CommonJS tokenizer attempt #326

guybedford · 2015-01-21T17:55:02Z

For #311, here is a tokenizing approach for CommonJS require extraction.

I'm hosting the tokenizer project separately at https://github.com/guybedford/extract-requires, and will be expanding the tests, this is just the very first commit for now.

Looking promising so far. Seeing how performance benchmarks compare will be the big thing.

//cc @theefer

Test for shared dependency bundle bug

guybedford · 2015-01-21T18:00:22Z

@theefer well it turns out this passes all our tests, including the ones in #312!

guybedford · 2015-01-22T16:22:35Z

Did some perf measurements on this and the tokenizer is less than a quarter of the speed unfortunately - http://jsperf.com/tokenizer-v-regex-commonjs-require-extraction/2.

Will experiment with optimizations.

guybedford · 2015-01-22T16:24:24Z

@crisptrutski your magical performance eye would be very valued here....

guybedford · 2015-01-23T01:12:46Z

I managed to optimize the function by using regular expressions for the seeking states instead of stepping everything - http://jsperf.com/tokenizer-v-regex-commonjs-require-extraction/4 (guybedford/extract-requires@817736a).

It's still 60% slower but better than 98% slower!

I also conveniently remembered now tokenizing can't be done comprehensively because division is indistinguishable from regular expressions without deeper lexing knowledge.

So I believe that leaves us with:

Just pick up requires inside strings as requires, and draw a line.
Use tokenizing as above with 60% speed reduction (wouldn't be noticed), and then some sources with minification and division will not get requires picked up in some places.
Use Traceur / 6to5 for CommonJS parsing as well, accepting a much larger speed reduction for full accuracy.

I'm tempted to go with (1) because it doesn't seem a strong enough reason on its own to use a full parser. But I'm open to (3).

theefer · 2015-01-23T01:40:56Z

(1) will mean some libraries won't be able to be installed at all (as per #311), right?

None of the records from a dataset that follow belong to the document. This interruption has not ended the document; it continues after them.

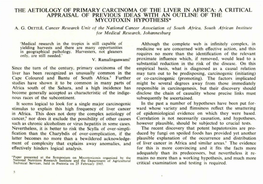 The Aetiology of Primary Carcinoma of the Liver in Africa: a Critical Appraisal of Previous Ideas with an Outline of the Mycotoxin Hypothesis* A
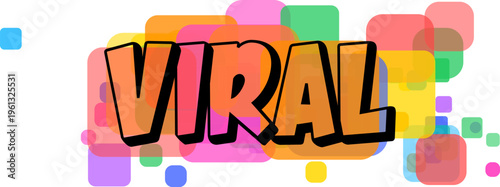 The word VIRAL in bold orange letters sits atop a vibrant arrangement of translucent, colorful rounded squares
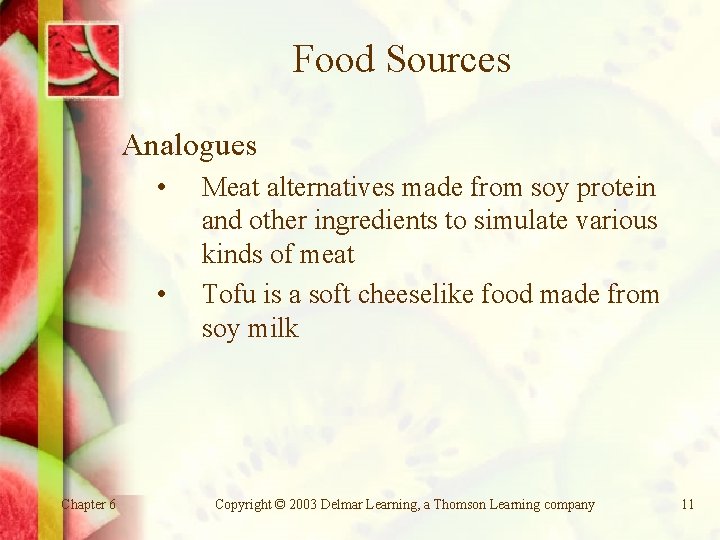 Food Sources Analogues • • Chapter 6 Meat alternatives made from soy protein and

I encountered this bug while trying to install the npm:twitter library, which is the most popular Node Twitter client AFAICS.

Could we still solve this by running a more expensive parsing "offline" (when installing locally or via CDN), and perhaps accept a more naive (and in this case broken) parsing when done dynamically from the original source?

guybedford · 2015-01-23T09:23:11Z

Ok I've managed to work out a way to combine tokenizing and regexes to form a MORE accurate method that won't fall down with division confusion.

@theefer that is I have a replacement PR now that can work for this problem.

The performance results are in http://jsperf.com/tokenizer-v-regex-commonjs-require-extraction/5.

The question here is now:

Accept a 4x performance loss for adding this feature in.
Continue to work around.

@crisptrutski if you have any further perf suggestions for this updated version at https://github.com/guybedford/extract-requires/blob/master/extract-requires.js let me know.

I'm going to look into the specific twitter API case now and see how plausible a work-around is.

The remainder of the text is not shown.